As a programmer3 might expect, Siebel asks a set of standard questions to each programmer, but it’s not constrained at all; each interview is marked by the tangents of its protagonist, but he works in a few set of core questions for all, including when and where did they get their start, do they feel more like an artist or a scientist, do they own Knuth’s books, and if so, how do they make use of them4, and how they feel about such things as agile and code ownership within software development shops.
The book also sets in motion an interesting, yet natural progression starting with programmers famous for their (concrete, practical applications of) work on the Web, moving through to computer languages and more formalized areas and ending with Mr. Computer Science himself, Knuth.

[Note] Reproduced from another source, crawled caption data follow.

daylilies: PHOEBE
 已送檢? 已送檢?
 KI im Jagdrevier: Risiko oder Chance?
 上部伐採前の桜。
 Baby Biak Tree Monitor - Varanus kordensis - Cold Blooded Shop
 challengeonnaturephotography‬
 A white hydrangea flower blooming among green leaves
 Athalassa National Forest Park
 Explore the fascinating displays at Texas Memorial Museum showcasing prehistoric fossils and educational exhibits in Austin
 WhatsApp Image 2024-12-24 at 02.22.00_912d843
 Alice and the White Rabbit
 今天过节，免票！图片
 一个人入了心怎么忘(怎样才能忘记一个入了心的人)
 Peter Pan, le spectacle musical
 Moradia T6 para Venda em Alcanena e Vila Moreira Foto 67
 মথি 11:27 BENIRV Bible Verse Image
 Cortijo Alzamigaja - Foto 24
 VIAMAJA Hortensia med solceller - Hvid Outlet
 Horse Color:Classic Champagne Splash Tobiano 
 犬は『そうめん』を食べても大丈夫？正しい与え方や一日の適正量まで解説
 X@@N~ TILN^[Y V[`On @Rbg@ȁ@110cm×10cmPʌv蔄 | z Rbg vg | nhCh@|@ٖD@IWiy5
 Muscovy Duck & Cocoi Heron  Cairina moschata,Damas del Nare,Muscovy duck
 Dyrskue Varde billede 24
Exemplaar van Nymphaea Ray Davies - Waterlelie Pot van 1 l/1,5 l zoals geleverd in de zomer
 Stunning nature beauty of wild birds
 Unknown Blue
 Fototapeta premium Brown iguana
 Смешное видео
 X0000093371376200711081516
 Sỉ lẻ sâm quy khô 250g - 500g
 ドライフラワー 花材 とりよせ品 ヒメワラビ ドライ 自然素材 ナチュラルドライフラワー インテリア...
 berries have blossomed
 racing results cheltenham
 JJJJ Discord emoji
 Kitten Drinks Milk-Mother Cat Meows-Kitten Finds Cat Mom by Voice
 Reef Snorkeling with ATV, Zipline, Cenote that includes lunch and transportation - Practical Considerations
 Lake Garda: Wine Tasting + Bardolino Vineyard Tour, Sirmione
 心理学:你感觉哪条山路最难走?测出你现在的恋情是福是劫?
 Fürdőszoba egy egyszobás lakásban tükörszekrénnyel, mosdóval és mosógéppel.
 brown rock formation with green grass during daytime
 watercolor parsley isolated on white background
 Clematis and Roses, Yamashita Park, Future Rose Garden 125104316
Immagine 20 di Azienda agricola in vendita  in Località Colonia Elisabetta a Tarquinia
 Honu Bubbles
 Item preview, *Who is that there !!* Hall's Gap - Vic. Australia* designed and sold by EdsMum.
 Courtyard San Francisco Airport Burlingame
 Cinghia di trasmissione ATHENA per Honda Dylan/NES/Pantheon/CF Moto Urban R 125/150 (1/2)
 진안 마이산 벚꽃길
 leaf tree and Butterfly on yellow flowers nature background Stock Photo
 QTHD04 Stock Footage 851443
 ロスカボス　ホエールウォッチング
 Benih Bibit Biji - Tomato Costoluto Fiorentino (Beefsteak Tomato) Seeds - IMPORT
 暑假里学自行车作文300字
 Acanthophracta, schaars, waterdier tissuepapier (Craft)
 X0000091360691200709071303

A few favorite highlights from the interviews include:
- Coming to the realization of the myriad complexities5 that Brad Fitzpatrick was dealing with while us LiveJournal users were complaining left and right; I actually had a newfound respect for him after reading his interview7
- Getting the back story as to why Brendan Eich seems to have such disdain for threads8
- Ken Thompson—yeah, that guy—can’t check in any code written at C at Google.
- My favorite answer given was from L. Peter Deutsch:
Deutsch: [...] But that brings me to the other half, the other reason why I like Python syntax better, which is that Lisp is lexically pretty monotonous.
Seibel: I think Larry Wall described it as a bowl of oatmeal with fingernail clippings in it.
Deutsch: Well, my description of Perl is something that looks like it came out of the wrong end of a dog. I think Larry Wall has a lot of nerve talking about language design—Perl is an abomination as a language. But let’s not go there.
- It was interesting to sort of notice which programmers immediately resonated with me, and which it took awhile to understand. I sort of immediately identified with pretty much everything Peter Norvig had to say, but found Joe Armstrong‘s explanations and general context for his answers totally confusing.
- I was a bit disappointed that there’s only one woman—Fran Allen—interviewed in the book, but maybe that’s more a commentary on our industry than anything else9.
If you’re professionally and personally interested in the art and practice of computer science and programming and you’re looking for an approachable set of first-person accounts of the last fifty years of the industry, mixed with a splash of humanity and dose of trivia mixed in, I highly recommend this read.
1 Has it really already been that long?
2 It’s particularly a good pre-sleepy time read
3 Or social scientist/psychologist
4 If at all; he offers up “bookshelf decoration” as a valid option to that question
5 Including the reminder that programmers seldom tend to be good business people6
6 This by Fitzpatrick’s own admission
7 The almost-eights years working in the industry, providing a nice contrast to the college student I was back then, has nothing to do with it, I’m sure…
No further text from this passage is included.